The rise in global security incidents, diminished budgets and degrading security programmes has left organisations to deal with security risks that are neither well-understood nor consistently addressed. But executives around the world are confident that they are winning the high stakes game of information security despite the growing number of obstacles, according to The Global State of Information Security Survey 2013 published by PwC in conjunction with CIO and CSO magazines.
According to the 10th annual survey, the general mood among global executives is largely optimistic. The majority of respondents said they are very or somewhat confident their organisations have instilled effective information security behaviours into their culture (68 per cent), and are very or somewhat confident their information security activities are effective (more than 70 per cent).
Yet, while nearly half of respondents (42 per cent) view their organisation as a front-runner in information security strategy and execution, the survey finds that only eight per cent actually qualify as true information security leaders.

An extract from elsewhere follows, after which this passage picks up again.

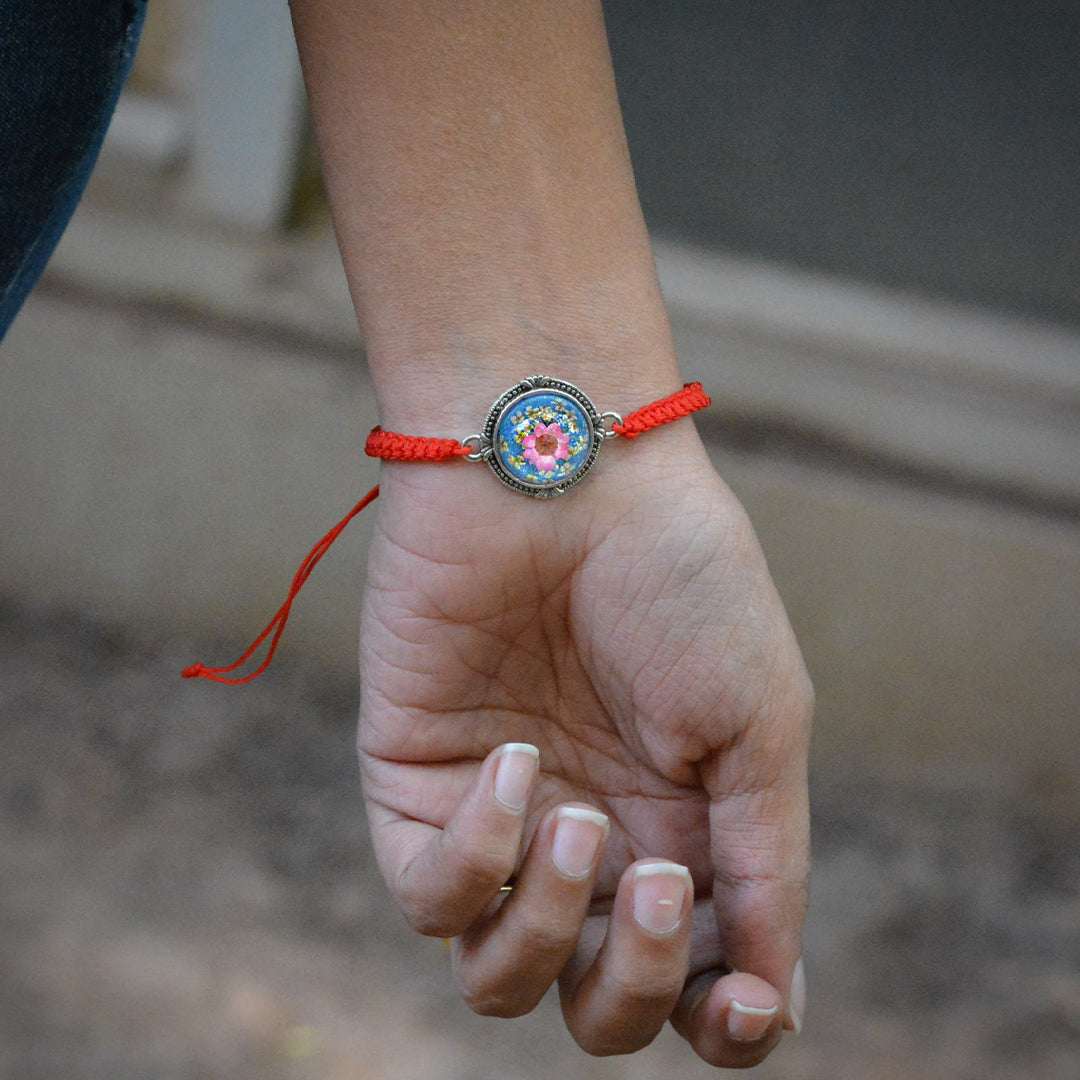Nature's Tricks Real Dried Flower Bracelet - myBageecha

According to PwC, ‘leaders’ are defined as companies that have a chief information security officer (or CISO equivalent) who reports to the organisation’s top executives, have an overall information security strategy in place, have measured and reviewed the effectiveness of their security in the last year, and understand exactly what types of security events have occurred.
“Security models of the past decade are no longer effective. Today’s rapidly evolving threat landscape represents a danger that shows no signs of diminishing, and businesses can no longer afford to play a game of chance,” said Mark Lobel, a principal in PwC’s Advisory practice. “Companies that want to be information security leaders should prepare to play a new game – one that requires advanced skills and strategy to win against emerging threats.”
As mobile devices, social media, and the cloud become commonplace inside the enterprise and out, technology adoption is moving faster than security. PwC has found that 88 per cent of consumers use a personal mobile device for both personal and work purposes, yet only 45 per cent of companies have a security strategy to address personal devices in the workplace and 37 per cent have malware protection for mobile devices.
Despite an increase in the number of respondents reporting safeguards in place for mobile, social media, cloud computing, and policies covering the use of employee-owned devices, only 44 per cent report having a mobile security strategy and less than 40 per cent have strategies for the cloud and social media. These numbers lag the adoption rates of the technologies themselves.
The report is available at www.pwc.com/giss2013.